Pada 3 Januari 2020, Qassem Soleimani, komandan Pasukan Pengawal Revolusi Quds (IRGC-QF) tewas dalam serangan pesawat tak berawak AS. Rezim Iran telah menghabiskan sebagian besar tahun mencoba menggambarkannya sebagai pahlawan.
Ini telah gagal dan bahkan para pejabat rezim dipaksa untuk mengakuinya. Dalam program ulang tahun yang disiarkan di TV pemerintah, Hossein Kamili, seorang analis budaya yang terkait dengan rezim, mengakui bahwa orang-orang di seluruh Timur Tengah sebenarnya merayakan kematian Soleimani dengan saling menawarkan permen.
Baru-baru ini, poster Soleimani yang ditempel di Gaza oleh agen Iran dirobohkan dan diinjak oleh Palestina, marah atas perannya dalam berbagai krisis Timur Tengah, termasuk Perang Saudara Suriah.
Ziyad al-Nakhalah, Sekretaris Jenderal Gerakan Jihad Islam yang berafiliasi dengan Iran di Palestina mengatakan pada 31 Desember, bahwa Soleimani membantu mengubah Sudan menjadi “gudang senjata” dan “pusat transfer” untuk kelompok yang didukung rezim.
Tentu saja, meski Soleimani dibenci oleh orang-orang Timur Tengah, itu hanya sebagian kecil dari betapa dia dibenci oleh rakyat Iran.
Setelah kematiannya, orang-orang merayakannya di rumah mereka, tetapi lebih dari itu, mereka juga menggunakan berbagai protes lain setelah kematiannya untuk menunjukkan kebencian mereka. Mereka meneriakkan, “Soleimani adalah pembunuh, seperti pemimpinnya”, selama protes Januari 2020 atas pengawal Revolusi (IRGC) yang sengaja menembak jatuh pesawat penumpang dan selanjutnya ditutup-tutupi.
AS terbunuh #QassemSoleimani; tetapi, dia telah menculik, menyiksa, dan membunuh ratusan ribu orang di seluruh Timur Tengah, khususnya di dalam #Iran.
Tepat di bulan November, dia dan rekan-rekannya membunuh 1.500+ pengunjuk rasa di Iran dengan impunitas!
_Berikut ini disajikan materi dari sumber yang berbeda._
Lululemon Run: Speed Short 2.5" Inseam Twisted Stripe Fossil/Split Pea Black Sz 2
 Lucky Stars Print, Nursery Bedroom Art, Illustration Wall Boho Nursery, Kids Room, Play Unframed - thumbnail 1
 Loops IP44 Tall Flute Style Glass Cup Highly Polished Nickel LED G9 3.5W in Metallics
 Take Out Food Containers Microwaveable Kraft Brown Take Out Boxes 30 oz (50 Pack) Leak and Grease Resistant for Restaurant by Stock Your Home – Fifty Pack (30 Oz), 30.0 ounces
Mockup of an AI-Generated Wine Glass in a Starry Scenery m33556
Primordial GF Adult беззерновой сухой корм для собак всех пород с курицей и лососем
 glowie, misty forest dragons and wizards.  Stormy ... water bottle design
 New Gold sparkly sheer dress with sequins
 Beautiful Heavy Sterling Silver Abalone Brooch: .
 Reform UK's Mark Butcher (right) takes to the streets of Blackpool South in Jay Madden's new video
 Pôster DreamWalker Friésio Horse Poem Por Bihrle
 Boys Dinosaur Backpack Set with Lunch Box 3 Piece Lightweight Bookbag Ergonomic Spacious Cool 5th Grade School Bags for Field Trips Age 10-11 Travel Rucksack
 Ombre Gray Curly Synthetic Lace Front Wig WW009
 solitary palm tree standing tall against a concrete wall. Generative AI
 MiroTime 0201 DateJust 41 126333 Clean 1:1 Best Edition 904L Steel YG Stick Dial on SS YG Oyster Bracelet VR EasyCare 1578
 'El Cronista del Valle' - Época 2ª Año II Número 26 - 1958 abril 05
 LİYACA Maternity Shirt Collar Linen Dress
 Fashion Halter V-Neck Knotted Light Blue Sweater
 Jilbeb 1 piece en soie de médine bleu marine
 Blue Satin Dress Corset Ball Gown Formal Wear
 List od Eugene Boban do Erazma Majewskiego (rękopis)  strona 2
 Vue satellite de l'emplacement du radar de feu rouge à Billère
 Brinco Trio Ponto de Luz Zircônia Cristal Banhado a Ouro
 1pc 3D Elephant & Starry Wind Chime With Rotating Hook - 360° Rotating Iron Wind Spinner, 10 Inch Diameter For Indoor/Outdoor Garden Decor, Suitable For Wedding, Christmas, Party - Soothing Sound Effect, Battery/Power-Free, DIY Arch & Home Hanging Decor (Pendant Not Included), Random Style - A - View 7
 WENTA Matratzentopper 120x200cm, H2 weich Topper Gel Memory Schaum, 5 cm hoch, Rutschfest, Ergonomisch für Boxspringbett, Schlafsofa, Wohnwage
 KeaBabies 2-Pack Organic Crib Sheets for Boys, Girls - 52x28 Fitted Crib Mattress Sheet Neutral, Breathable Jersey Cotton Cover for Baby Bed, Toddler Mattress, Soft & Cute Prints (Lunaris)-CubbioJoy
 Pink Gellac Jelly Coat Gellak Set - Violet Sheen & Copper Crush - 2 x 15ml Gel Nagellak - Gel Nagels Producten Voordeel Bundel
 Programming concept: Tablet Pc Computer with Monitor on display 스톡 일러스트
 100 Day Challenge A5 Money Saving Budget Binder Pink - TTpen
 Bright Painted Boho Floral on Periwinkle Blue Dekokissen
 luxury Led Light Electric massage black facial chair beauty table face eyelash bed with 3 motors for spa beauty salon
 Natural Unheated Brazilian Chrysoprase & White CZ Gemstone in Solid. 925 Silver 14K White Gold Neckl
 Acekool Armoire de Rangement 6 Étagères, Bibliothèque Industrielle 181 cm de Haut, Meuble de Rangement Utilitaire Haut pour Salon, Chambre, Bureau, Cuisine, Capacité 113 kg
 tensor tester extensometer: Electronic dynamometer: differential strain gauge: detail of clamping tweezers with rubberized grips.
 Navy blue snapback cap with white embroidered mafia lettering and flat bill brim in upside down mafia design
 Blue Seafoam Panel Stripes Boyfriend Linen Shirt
Lihatlah betapa orang Iran mencintainya👇 https://t.co/DOoRXJVaGb pic.twitter.com/iHhkULlUB8– IranNewsUpdate (@ IranNewsUpdate1) 15 September 2020
Mengapa? Pasalnya, Soleimani memiliki sejarah panjang dan berdarah dalam menumpas pengunjuk rasa anggota oposisi.
Salah satu mantan penasihatnya, Esmail Saadatnejad, menceritakan dalam sebuah wawancara pada 1 Januari bahwa selama pertemuan di rumah Soleimani di Kerman, mereka menjadi sadar akan protes anti-rezim terhadap pemimpin tertinggi saat itu Ruhollah Khomeini dan Soleimani tidak membuang waktu mengingatnya. pilihan, melainkan “menangani situasi” tanpa penundaan, yang berarti menghentikan protes dengan kekerasan.
Soleimani juga salah satu pemicu utama kekerasan terhadap Organisasi Mujahidin Rakyat Iran (PMOI / MEK) di kamp Ashraf dan Liberty di Irak, termasuk serangan September 2013, yang menewaskan 52 anggota MEK dan tujuh lainnya diculik. Dia mengawasi rencana serangan itu dan kemudian melaporkannya ke Majelis Ahli dua hari kemudian.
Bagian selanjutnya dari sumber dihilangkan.